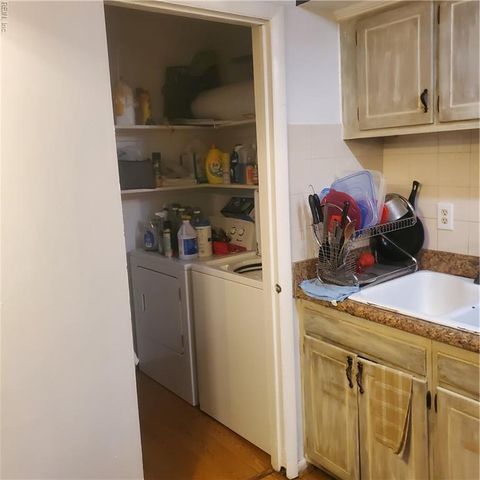 5810 Layton ST, Virginia Beach, VA 23462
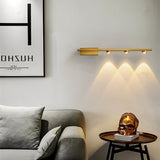 Lipari Wall Lamp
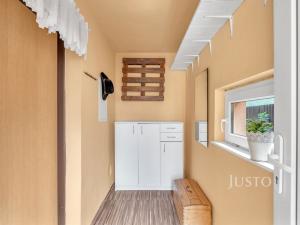 Prodej rodinného domu, Nový Dům, 118 m2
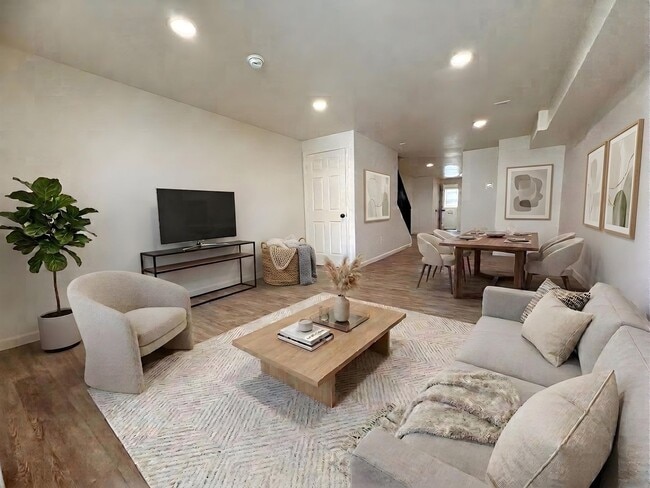 Building Photo - 518 E Cumberland St Unit Apt A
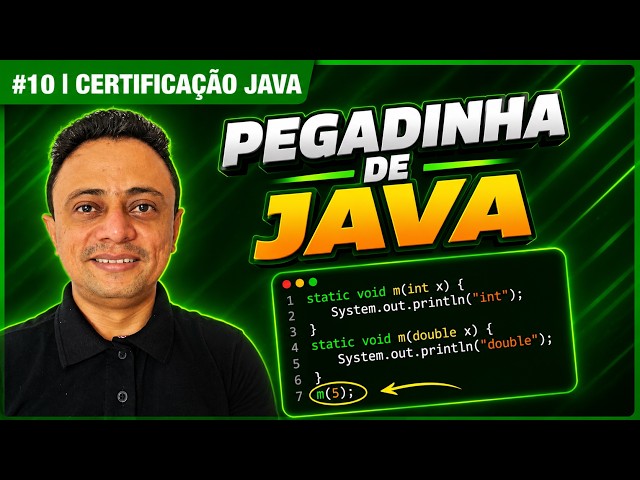 Java Certification Trick Question: Which method will be executed?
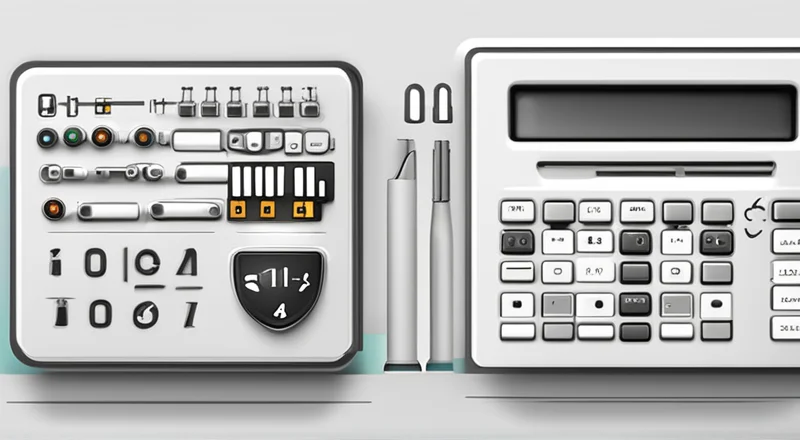 设备综合效率计算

--------

| WHAT YOU SHOULD DO |
Once you find the line that contains "Java Certification Trick", give it again along with every later line through the end of the data, word for word, minus the pictures.

| ANSWER BELOW |
 Java Certification Trick Question: Which method will be executed?
 设备综合效率计算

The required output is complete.